Describes how policy documents are linked to different SDGs
Please note: this functionality is still in beta. Not all languages are supported and the SDG classification is run periodically rather than as part of Overton’s main processing pipeline.
As well as topics and subject areas Overton tries to map policy documents to one or more Sustainable Development Goals, which are a set of 17 goals set up by the United Nations to serve as a framework for global development. The SDGs are often used as a quick way to group policy or research relating to a particular problem area e.g. climate change, poverty or gender inequality.
Overton uses a system based on keyword matching and thresholds to determine if a policy document relates to an SDG.
As a base we took the key words & phrases set compiled by Monash University & SDSN Australia/Pacific which is available here.
We first extract the first two or three pages of text from each policy document. In the case of HTML files (like blog posts) we extract the first hundred words.
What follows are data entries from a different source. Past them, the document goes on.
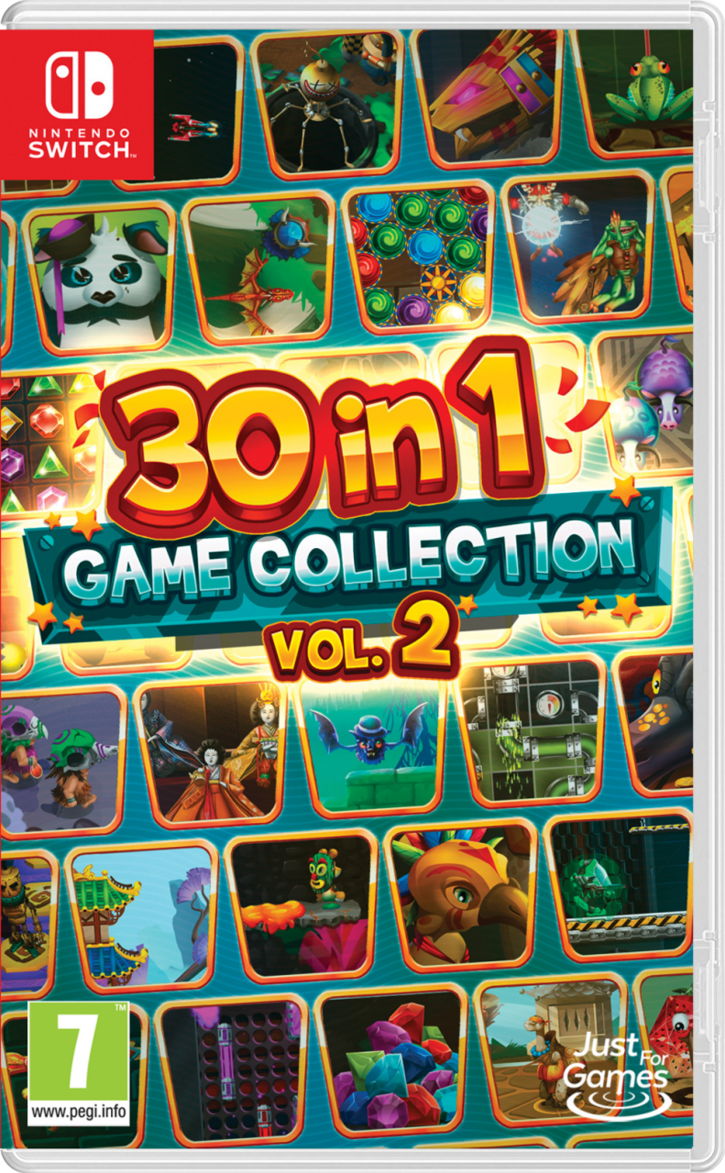 30 in 1 Game Collection Vol 2 - Nintendo Switch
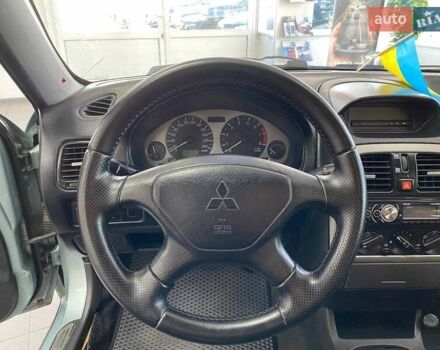 Синий Мицубиси Харизма, объемом двигателя 1.6 л и пробегом 346 тыс. км за 2990 $, фото 18 на Automoto.ua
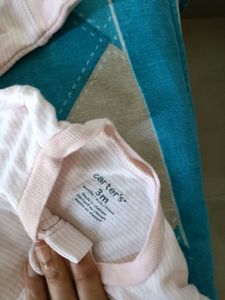 Carter’s 3-6 months Two Onesies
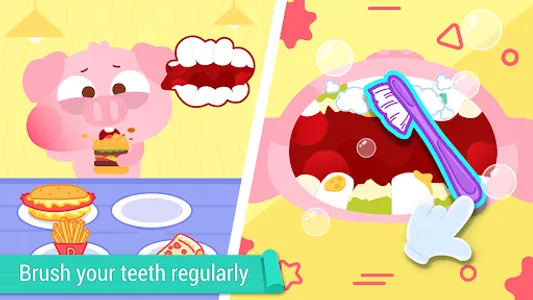 Dentist Games：DuDu Doctor RPG screenshot 12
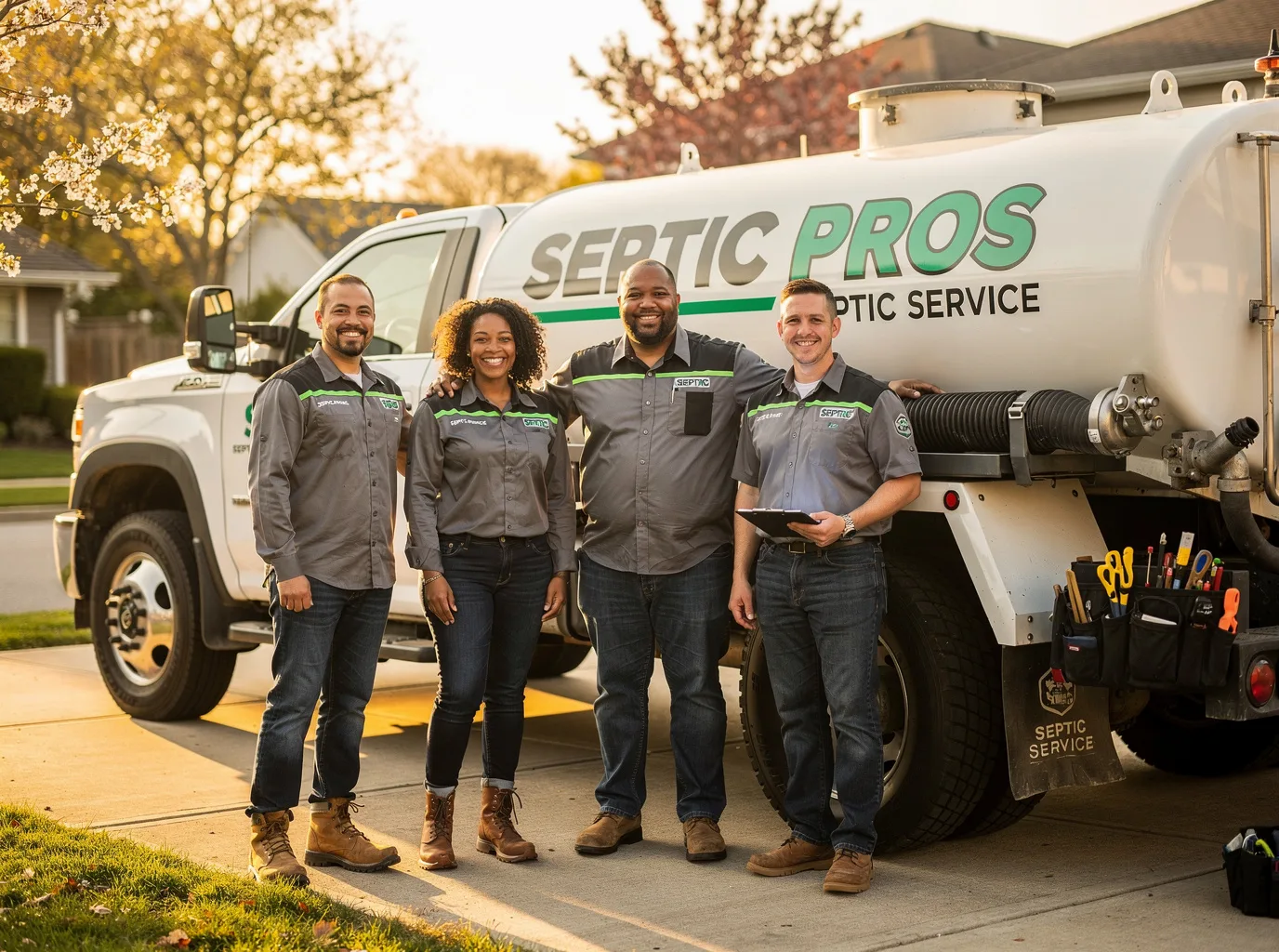 Septic Tank Pumping company in Blaine, ME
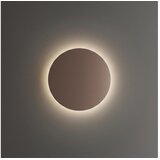 Ideal Lux - LED spoljašnje zidno svetlo PUNTO LED/12W/230V CRI prečnik 24 cm IP54 braon Cene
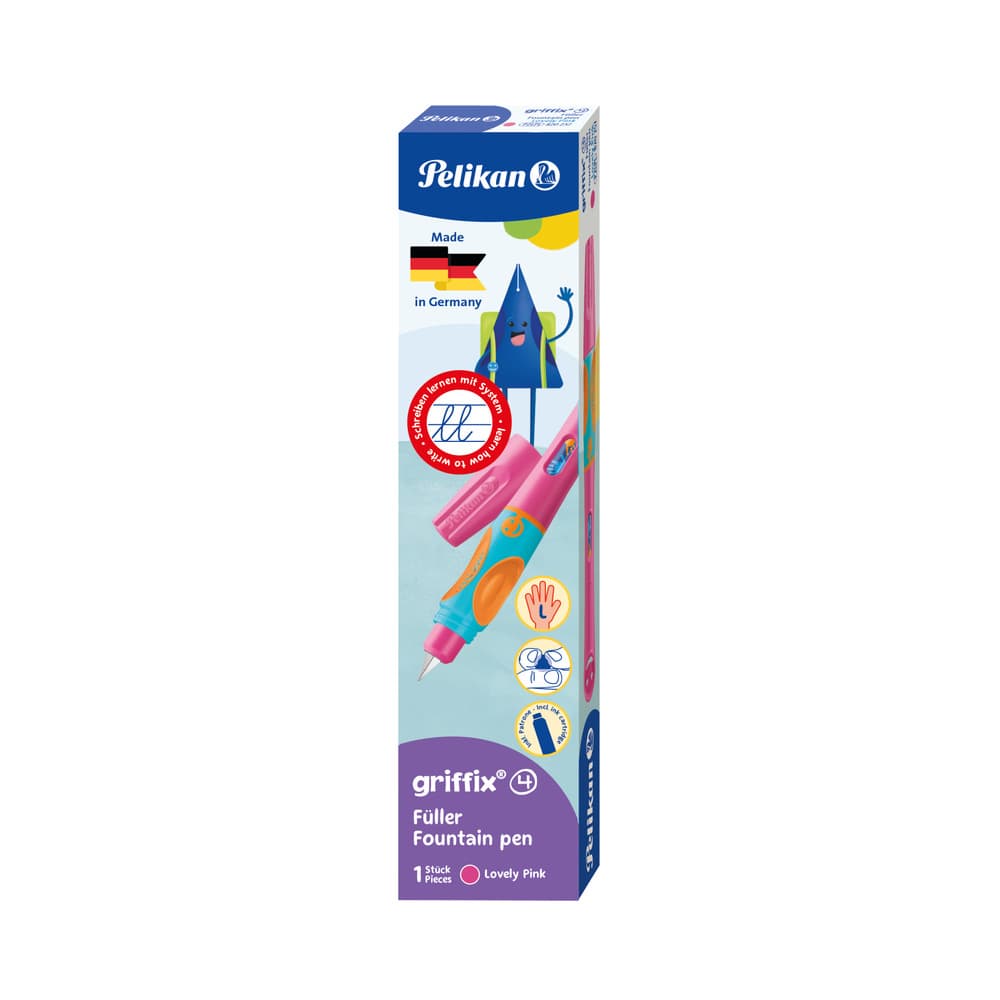 Pelikan griffix® Füllhalter für Linksshänder Sweet Berry Feder A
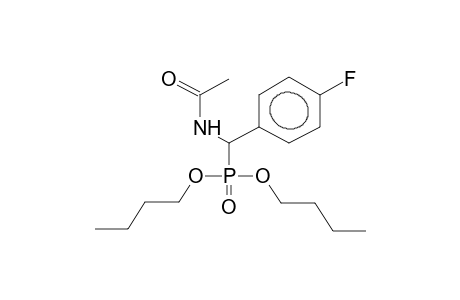 O,O-DIBUTYL(ACETAMIDO)(4-FLUOROPHENYL)METHYLPHOSPHONATE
We then look for phrases relating to each SDG and build up a relevance score for it. Matching phrases add:
- 4 to the score if they’re seen in the document title (this is translated into English)
- 3 to the score if they’re seen in the document “snippet” – the abstract usually found on the document landing page
- 1 otherwise
Phrases are found via a case insensitive match.
Overton considers some keywords “conditional” – these only contribute to a relevance score if at least one non-conditional keyword has also been found. We determined this manually as part of our curation process.
For example in SDG 2 (Zero Hunger) the Monash key words & phrases include both “malnourished” and “wasting”.
If a document contained only “wasting” in the text – and no other keywords from SDG 2 – then its relevance score for SDG 2 would be 0. Wasting could be related to any number of other things.
But if the document also contained “malnourished” in the text it would score 2 – 1 point from “malnourished” and another point from “wasting”.
Currently all SDGs have the same score threshold of 6. If a policy document has a relevance score over this threshold then it is considered relevant to that SDG.